Tutta una parete della stanza è ricoperta da videocassette e dvd, forse il vero tocco di colore del salotto.
Un quadro di una pecora in una scatola cattura la mia attenzione.
"Il piccolo principe era la mia favola preferita, tanto triste, ma tanto bella!" dico sorridendo.
"Lo so, me lo ricordo. Per quanto l'intenzione era quella di dimenticarti, abbiamo messo un pezzo di te in ogni stanza" dice fissandomi con sguardo malinconico.
"In ogni stanza?" chiedo incuriosita.
"Hai detto tu di non aver ancora guardato nel mio armadio" dice maliziosamente.
"E di sotto?"
La cantina, ridipinta a nuovo è stata trasformata in un piccolo studio di registrazione, dove nel centro, la fa da padrone la batteria rosso fiammante di Shannon. Non l'avevo mai vista così da vicino.

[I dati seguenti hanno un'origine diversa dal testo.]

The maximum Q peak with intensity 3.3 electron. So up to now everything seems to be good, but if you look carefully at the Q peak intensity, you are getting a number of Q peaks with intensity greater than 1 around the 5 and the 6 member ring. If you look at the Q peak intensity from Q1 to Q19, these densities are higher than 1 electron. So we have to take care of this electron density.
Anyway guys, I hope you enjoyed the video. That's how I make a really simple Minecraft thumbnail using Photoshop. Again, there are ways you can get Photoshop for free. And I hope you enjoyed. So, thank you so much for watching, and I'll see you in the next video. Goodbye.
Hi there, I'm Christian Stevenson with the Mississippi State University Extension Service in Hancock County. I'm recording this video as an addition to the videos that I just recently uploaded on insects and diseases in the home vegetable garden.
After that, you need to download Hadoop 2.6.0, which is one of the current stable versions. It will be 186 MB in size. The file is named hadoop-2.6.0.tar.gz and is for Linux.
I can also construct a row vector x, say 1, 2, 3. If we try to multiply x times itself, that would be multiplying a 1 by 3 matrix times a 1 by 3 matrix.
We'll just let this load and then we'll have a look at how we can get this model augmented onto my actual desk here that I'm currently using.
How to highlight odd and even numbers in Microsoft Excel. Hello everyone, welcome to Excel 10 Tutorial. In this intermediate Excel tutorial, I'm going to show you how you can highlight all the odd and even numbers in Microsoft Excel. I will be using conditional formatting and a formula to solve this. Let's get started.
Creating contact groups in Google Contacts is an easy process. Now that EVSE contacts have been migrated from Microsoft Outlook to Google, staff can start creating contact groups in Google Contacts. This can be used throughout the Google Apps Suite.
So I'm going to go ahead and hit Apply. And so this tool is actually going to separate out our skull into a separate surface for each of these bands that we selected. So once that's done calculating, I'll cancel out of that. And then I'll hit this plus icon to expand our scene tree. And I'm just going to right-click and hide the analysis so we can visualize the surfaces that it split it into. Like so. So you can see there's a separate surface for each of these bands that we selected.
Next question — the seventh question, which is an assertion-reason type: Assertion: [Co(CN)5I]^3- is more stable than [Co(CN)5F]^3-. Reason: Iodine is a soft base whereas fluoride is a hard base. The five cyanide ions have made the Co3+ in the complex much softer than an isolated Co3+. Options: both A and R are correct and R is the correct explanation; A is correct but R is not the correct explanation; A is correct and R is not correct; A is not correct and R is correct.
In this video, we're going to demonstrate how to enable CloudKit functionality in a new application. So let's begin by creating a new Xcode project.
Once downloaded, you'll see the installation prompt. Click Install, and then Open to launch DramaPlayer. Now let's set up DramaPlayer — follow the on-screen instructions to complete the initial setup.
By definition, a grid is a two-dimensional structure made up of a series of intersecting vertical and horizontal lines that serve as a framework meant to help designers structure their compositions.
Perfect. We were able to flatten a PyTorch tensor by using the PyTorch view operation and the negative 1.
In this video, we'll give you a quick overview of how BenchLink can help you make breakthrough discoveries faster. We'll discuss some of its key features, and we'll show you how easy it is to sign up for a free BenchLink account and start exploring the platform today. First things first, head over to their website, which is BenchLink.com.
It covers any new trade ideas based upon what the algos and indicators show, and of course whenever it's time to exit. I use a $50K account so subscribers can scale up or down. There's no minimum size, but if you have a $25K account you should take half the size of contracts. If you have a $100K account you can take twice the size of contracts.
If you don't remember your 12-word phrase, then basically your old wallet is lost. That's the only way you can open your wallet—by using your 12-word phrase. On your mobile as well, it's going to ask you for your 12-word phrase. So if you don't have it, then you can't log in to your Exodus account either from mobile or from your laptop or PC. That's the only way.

"Ha intenzione di personalizzarla, non ha ancora deciso come però!" mi dice mentre sfiorandola ho l'impressione di sentire l'energia che emana quando viene suonata.
"E le tue chitarre?" chiedo guardando un angolo della stanza dove nell'ombra se ne intravedono alcune.
"Nulla di che, ma ho sentito di un tizio qui a LA che le costruisce su misura, intaglia anche il simbolo che vuoi sulla cassa, me ne piacerebbe una tutta nera con una fenice intarsiata!" dice con gli occhi che gli brillano.
"Miri sempre più in alto!" dico affascinata da quel suo sguardo.
"No, si dice : Provehito in Altum angelo" e prendendomi nuovamente per mano risaliamo le scale.
"Non hai sonno?" realizzando che sarà almeno un'oretta che giriamo per casa e che lui non l'ho visto ancora sbadigliare.
"Insonnia, ne soffro ogni tanto. L'infarto che mi hai fatto prendere ieri non mi è stato d'aiuto" dice serio.
"Scusa.. mi devo preoccupare per te?" chiedo.
"Mi devo preoccupare io per te?" chiede sempre più serio.
"Ok, facciamo che nessuno chiede niente a nessuno e stop. Senti vorrei farmi una doccia e poi prepararvi qualcosa per la colazione".
"Ok, tu vai a farla di sopra e io vado a prendere quello che ti serve! Cosa vuoi preparare?"
"Jared sono le sei del mattino! Dove vuoi andare a quest'ora?"
"Tesoro siamo a LA non in un paese sperduto nel nulla!"
"Allora Muffin e biscotti al cioccolato, ti faccio una lista di quello che mi serve, e dopo ne facciamo un'altra tutti assieme e andiamo in un centro commerciale a fare un po' di spesa, la casa è vuota!"
"Sei peggio della mamma..." farfuglia sotto voce.
"Peggio di chi?" chiedo ridendo.
"Nulla, vado, sopra c'è tutto, vai e... beh chi cerca trova!" e così facendo prende le chiavi della macchina e dopo avermi dato un bacio sulla fronte esce di casa.
Io nel silenzio mi guardo attorno e senza accorgermene ad alta voce mi dico: "Benvenuta su Marte!".